[PROBLEM TO WORK ON] Your task is to quote the listing below exactly, beginning with its first line and ending on the line bearing "Ganci per Tendalino".
◇ ◇ ◇ ◇ ◇ ◇ ◇
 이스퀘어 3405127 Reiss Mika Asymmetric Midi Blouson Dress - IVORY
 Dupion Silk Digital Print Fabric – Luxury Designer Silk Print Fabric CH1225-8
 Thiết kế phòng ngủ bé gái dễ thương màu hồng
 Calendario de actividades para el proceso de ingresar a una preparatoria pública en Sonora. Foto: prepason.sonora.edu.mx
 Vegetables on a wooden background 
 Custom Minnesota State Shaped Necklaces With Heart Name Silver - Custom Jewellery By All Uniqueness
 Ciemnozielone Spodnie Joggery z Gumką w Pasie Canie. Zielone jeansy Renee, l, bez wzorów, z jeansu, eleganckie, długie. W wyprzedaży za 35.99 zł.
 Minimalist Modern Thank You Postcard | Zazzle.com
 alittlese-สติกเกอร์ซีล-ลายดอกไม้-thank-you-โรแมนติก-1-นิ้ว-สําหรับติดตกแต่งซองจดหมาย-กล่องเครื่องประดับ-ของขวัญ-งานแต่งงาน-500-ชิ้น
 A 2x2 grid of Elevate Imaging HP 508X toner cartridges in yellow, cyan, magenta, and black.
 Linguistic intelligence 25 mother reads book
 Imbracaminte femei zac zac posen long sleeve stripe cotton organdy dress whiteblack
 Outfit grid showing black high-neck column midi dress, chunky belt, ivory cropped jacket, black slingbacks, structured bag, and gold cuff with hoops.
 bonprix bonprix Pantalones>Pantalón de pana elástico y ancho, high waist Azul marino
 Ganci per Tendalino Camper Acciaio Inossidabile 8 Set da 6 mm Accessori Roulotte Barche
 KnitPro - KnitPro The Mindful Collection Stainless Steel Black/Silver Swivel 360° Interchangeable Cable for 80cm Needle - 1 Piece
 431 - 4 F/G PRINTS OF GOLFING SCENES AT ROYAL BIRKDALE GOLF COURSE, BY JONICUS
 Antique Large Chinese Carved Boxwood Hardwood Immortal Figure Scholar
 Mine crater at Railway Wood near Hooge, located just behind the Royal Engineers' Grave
◇ ◇ ◇ ◇ ◇ ◇ ◇
[RESULT FOR THIS EXERCISE]
 이스퀘어 3405127 Reiss Mika Asymmetric Midi Blouson Dress - IVORY
 Dupion Silk Digital Print Fabric – Luxury Designer Silk Print Fabric CH1225-8
 Thiết kế phòng ngủ bé gái dễ thương màu hồng
 Calendario de actividades para el proceso de ingresar a una preparatoria pública en Sonora. Foto: prepason.sonora.edu.mx
 Vegetables on a wooden background 
 Custom Minnesota State Shaped Necklaces With Heart Name Silver - Custom Jewellery By All Uniqueness
 Ciemnozielone Spodnie Joggery z Gumką w Pasie Canie. Zielone jeansy Renee, l, bez wzorów, z jeansu, eleganckie, długie. W wyprzedaży za 35.99 zł.
 Minimalist Modern Thank You Postcard | Zazzle.com
 alittlese-สติกเกอร์ซีล-ลายดอกไม้-thank-you-โรแมนติก-1-นิ้ว-สําหรับติดตกแต่งซองจดหมาย-กล่องเครื่องประดับ-ของขวัญ-งานแต่งงาน-500-ชิ้น
 A 2x2 grid of Elevate Imaging HP 508X toner cartridges in yellow, cyan, magenta, and black.
 Linguistic intelligence 25 mother reads book
 Imbracaminte femei zac zac posen long sleeve stripe cotton organdy dress whiteblack
 Outfit grid showing black high-neck column midi dress, chunky belt, ivory cropped jacket, black slingbacks, structured bag, and gold cuff with hoops.
 bonprix bonprix Pantalones>Pantalón de pana elástico y ancho, high waist Azul marino
 Ganci per Tendalino Camper Acciaio Inossidabile 8 Set da 6 mm Accessori Roulotte Barche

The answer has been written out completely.